Ah, I’ve missed my target! I was aiming for one post a week on a different cognitive bias, since making something routine is how we humans generally do best.
Anyway, I’ve been thinking about surrogation. This is the idea that since we humans generally do a rather poor job of considering our future selves, it’s a good idea to speak with someone who has already done the thing we’re thinking of doing. Another person’s experience beats our own best guess.
In other words, talk to a doctor before applying to medical school. Speak with bloggers before throwing yourself into blogging. If you think you’d be great in some role, it’s best for you to talk to someone who’s five or ten or twenty years older who was once a lot like you. This way, you see the reality of what it’s like.
This idea might be best known from Stumbling on Happiness by Daniel Gilbert, a renowned psychologist, professor, and writer of several psychology books.
Surrogation confirms the basic idea that we humans look to each other for counsel and advice.

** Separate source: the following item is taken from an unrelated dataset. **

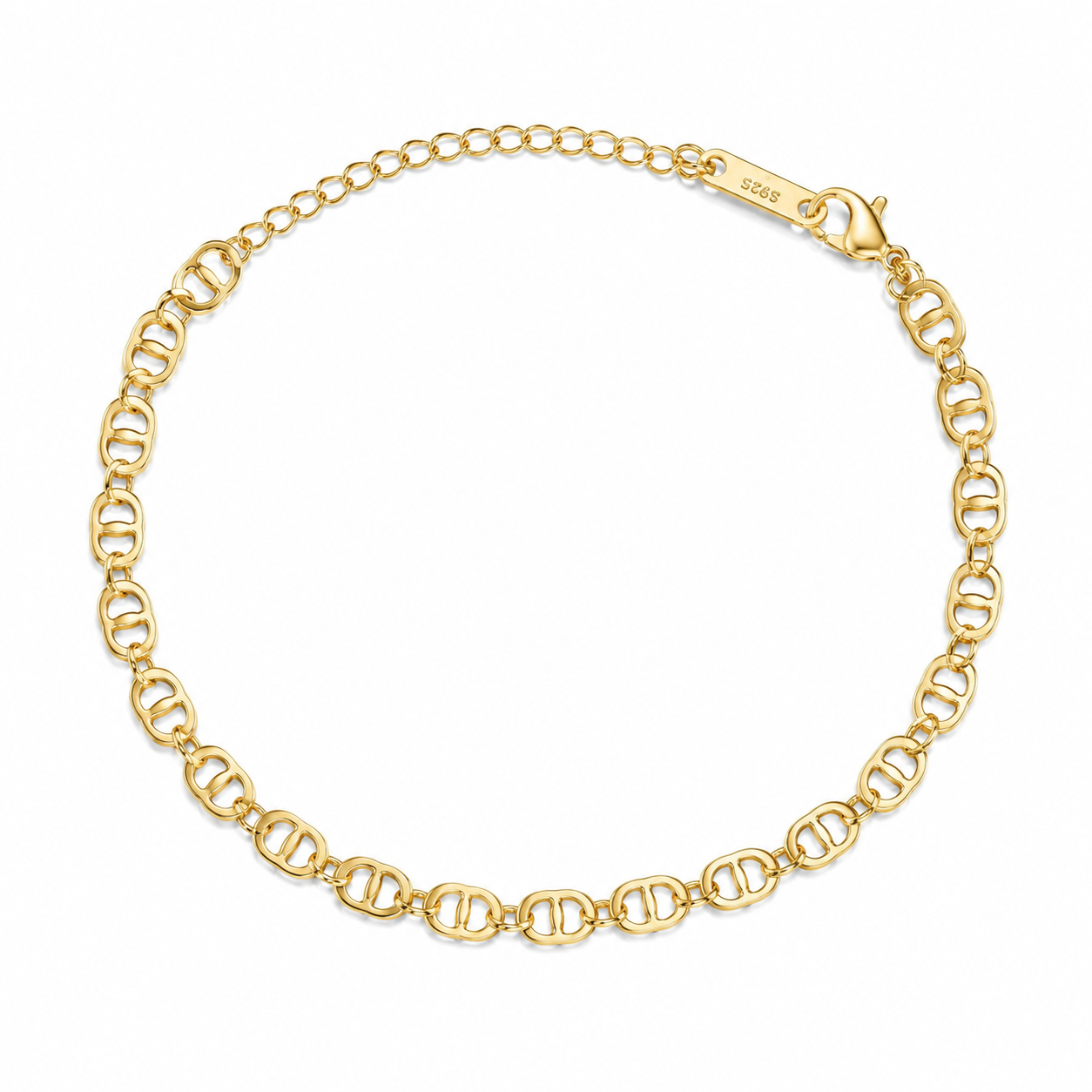 925 Yellow Sterling Silver Lobster Lock Ankle Bracelet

Most of the time, we look to follow trends or at least make sure our actions are in line with the thinking of people whose opinions we value.
At heart, we want it on good authority that the beliefs we have are good ones. We want to be right, but we don’t really want to do the work of thinking for ourselves if we can help it. It’s innately human to avoid doing extra or unnecessary mental work.
If we did take the time and energy to think for ourselves in every possible way, we’d never get off the ground. It’s simply overwhelming. Despite our Western cultural valuing of individualism, being at least a bit of a follower is inevitable. (And then confirmation bias comes into play.)
This seems obvious in most areas of life. It’s readily apparent that we turn to others for discovery or confirmation of beliefs most of the time, whether consciously or not (and whether we want to admit it or not).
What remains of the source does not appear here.